• Commentaire QPC

Commentaire de la décision 99-413 DC

18/02/2023

- La résolution modifiant l'article 73 bis du règlement du Sénat dont était saisi le Conseil constitutionnel avait pour premier objet de tirer les conséquences de l'élargissement des compétences reconnues au Parlement par la nouvelle rédaction de l'article 88-4 de la Constitution, à la suite de la révision constitutionnelle du 25 janvier 1999.

En effet, sont désormais transmis au Parlement les projets et les propositions de l'Union européenne comportant des dispositions de nature législative. Ainsi, sont soumis aux assemblées des textes relevant du deuxième pilier - politique étrangère et de sécurité commune - et surtout du troisième pilier, - refondu par le traité d'Amsterdam - , et qui comporte des matières aussi importantes que la lutte contre le terrorisme, le trafic de drogue, le trafic d'armes, la corruption et la fraude.

De même, s'agissant des autres catégories de projets - propositions d'actes à caractère réglementaire; documents qui ne portent ni sur des actes communautaires ni sur des actes de l'Union - (documents de consultation de la commission, accords interinstitutionnels) , exclus jusqu'alors de la saisine du Parlement puisque la rédaction de l'article 88-4 ne visait que les actes transmis au Conseil de l'Union européenne, le Constituant a fait le choix d'un mécanisme facultatif.

La deuxième phrase de l'article 88-4, dans sa rédaction issue de la révision du 25 janvier 1999, dispose ainsi que le Gouvernement " peut également leur soumettre les autres projets ou propositions d'actes ainsi que tout document émanant d'une institution de l'Union européenne ".

La rédaction de l'article 73 bis est donc harmonisée, sur un plan formel, avec les nouvelles règles constitutionnelles. Si la Délégation pour l'Union européenne constate que le Gouvernement n'a pas déposé un texte - et non plus seulement une proposition d'acte communautaire - qui lui paraît devoir être soumis au Sénat en application de l'article 88-4 de la Constitution, elle en saisit le Président du Sénat qui demande au Gouvernement de soumettre ce texte à cette assemblée.
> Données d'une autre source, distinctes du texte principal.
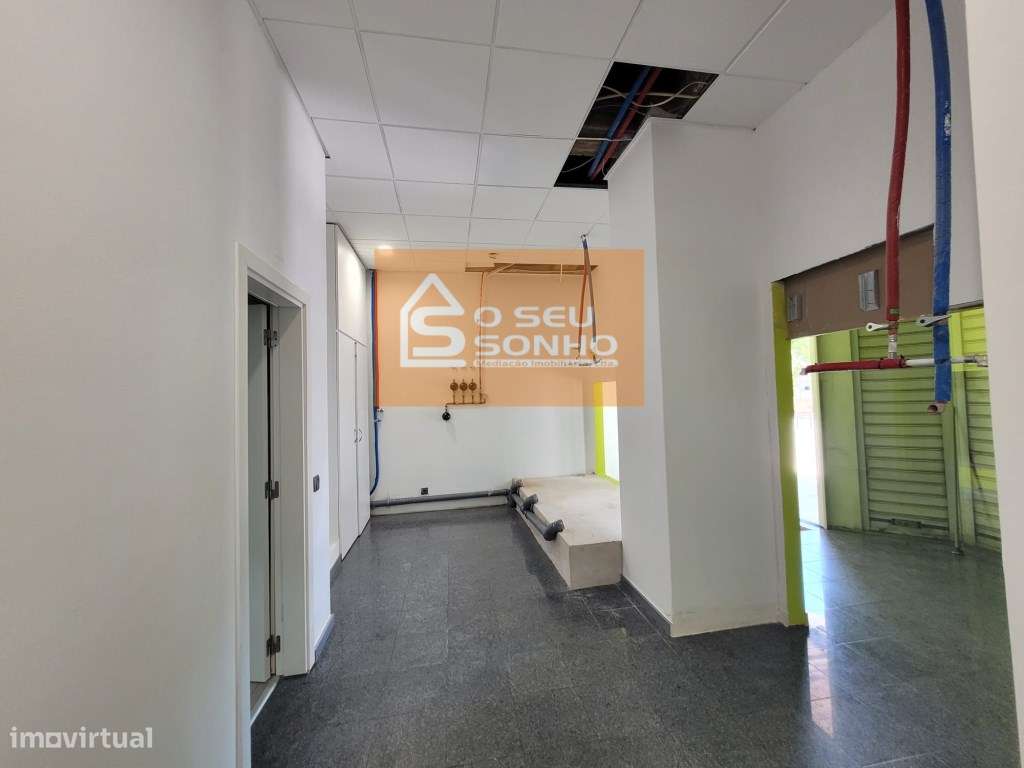 Loja para Comércio e Serviços em Faro - Grande imagem: 4/14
En 1993, le Conseil constitutionnel avait jugé utile d'assortir son approbation de la précédente rédaction de l'article 73 bis d'une réserve pour souligner qu'il ne saurait être question " de créer à l'égard du Gouvernement l'obligation de transmettre au Sénat des propositions d'actes communautaires qu'il considérerait ne pas comporter de dispositions de nature législative ". À cet égard, les demandes des assemblées ne constituent que des voeux et non des injonctions.
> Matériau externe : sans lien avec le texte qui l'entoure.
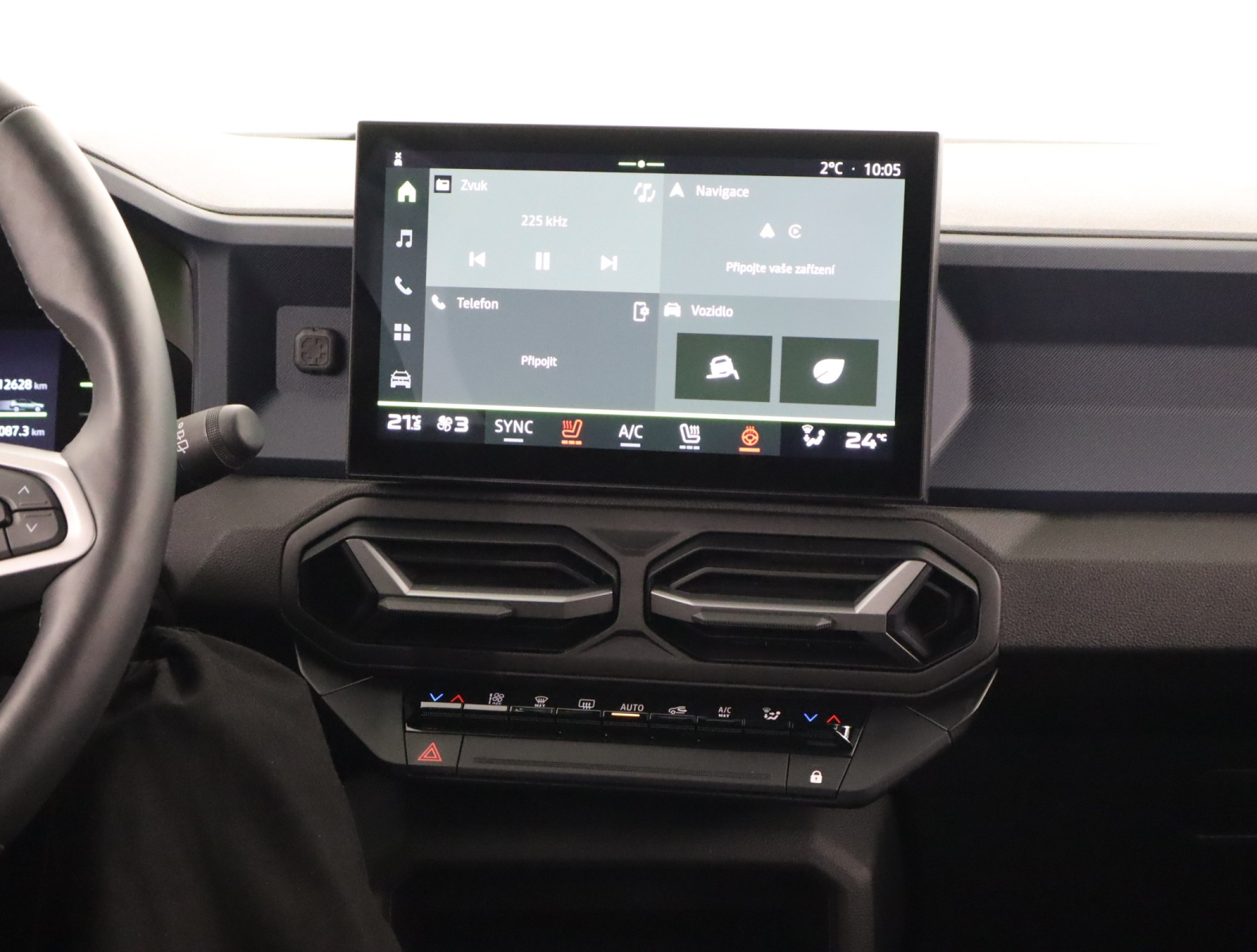 Dacia Bigster - 2025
Dans la présente décision, le Conseil constitutionnel a réitéré cette réserve, d'autre plus justifiée dans le cas présent que la nouvelle rédaction englobe des projets ou des documents que le Gouvernement peut discrétionnairement soumettre aux assemblées. Or, la formulation retenue par le Sénat était pour le moins ambiguë et susceptible de laisser penser que le Sénat aurait pu exiger la transmission de textes que le Gouvernement a la simple faculté et non l'obligation de lui soumettre.

- Le second objet de la résolution du Sénat, qui ne soulevait pas de difficulté constitutionnelle particulière, était de profiter de l'occasion pour rationaliser la procédure, jusqu'à présent lourde et complexe, d'adoption de résolutions sur les projets d'actes communautaires.

À cet effet, la seconde réunion de la commission compétente a été supprimée, les délais d'inscription d'une résolution à l'ordre du jour ont été réduits, tandis que la Délégation pour l'Union européenne - qui aurait, semble-t-il, souhaité disposer d'une compétence identique à celle des commissions - s'est vu finalement reconnaître une mission générale d'instruction des textes européens que, dans la pratique, elle exerçait déjà.

Enfin, le droit d'amendement du Gouvernement sur les propositions de résolution a été également supprimé, sans que cela pose une quelconque difficulté constitutionnelle puisqu'il trouvait sa source non dans la Constitution, mais dans une disposition du règlement du Sénat. Il n'a d'ailleurs pas été prévu par le règlement de l'Assemblée nationale sans que le Conseil constitutionnel s'en soit ému dans sa décision n° 92-314 DC du 17 décembre 1992.